For nothing now can ever come to any good.
These are times when there seems a lack of goodness in the world. Perhaps especially now in the light of the earthquake in Haiti: we might feel that there is no hope for 50,000 dead and many injured and trapped; surely there is no faith in a God who can do this; where is the love and courage and justice of those who could help and do not?
This is, indeed, a rational response to a ghastly situation. But a natural human response is compassion and action. Moreover, the spiritual response within us, cries out for hope and faith and love, for justice and courage and prudence in what we do. For by engaging these God-given gifts now, we can hope to make this broken world a better place. To the purely rational mind, there seems no sense in a disaster like Haiti. But if we believe in Christ, then we believe in a God who suffers with the world, who became human, not only to redeem it, but to transform it through the grace and virtue that flows through us by his goodness. Therefore I urge you to give money to the disasters appeal agency and pray that Christ may enlarge our wills to do selfless, life-giving good.

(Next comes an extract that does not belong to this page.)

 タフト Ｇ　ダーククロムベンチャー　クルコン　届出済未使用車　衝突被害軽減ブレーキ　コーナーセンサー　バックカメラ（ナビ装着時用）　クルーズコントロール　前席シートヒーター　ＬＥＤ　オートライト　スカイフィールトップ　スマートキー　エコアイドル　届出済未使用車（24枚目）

The classic fight between good and evil, light and dark, is the subject of a thousand Hollywood films, but also of many books. Alexander Solzhenitsyn, for instance, pondered the question of evil from his prison cell in a Soviet concentration camp and wrote in his Gulag Archipelago, 1958-68:
‘If only there were evil people somewhere insidiously committing evil deeds, and it were necessary only to separate them from the rest of us and destroy them. But the line dividing good and evil cuts through the heart of every human being … One and the same human being is, at various ages, under various circumstances, a totally different human being. At times he is close to being a devil, at times to sainthood.’
We are all capable of giving in to temptation, especially when it is in secret or when a particular wrong-doing has become socially acceptable, but we are also capable of living lives of kindness and generosity, justice and courage, lives full of faith and hope and love. St. Paul tirelessly emphasises good daily practise, as in the passage from Philippians 4 we heard this evening, for the more we can build up the good and positive in ourselves and in each other, the closer the kingdom of God will be to us. Therefore, ‘whatever is honest, whatever is just, whatever is pure, whatever is lovely, whatever is of good report, if there be any virtue, if there be any praise’ think on these things, be transformed by God’s grace and the merit of Christ’s virtue dwelling in us and then go and do what is good. Amen.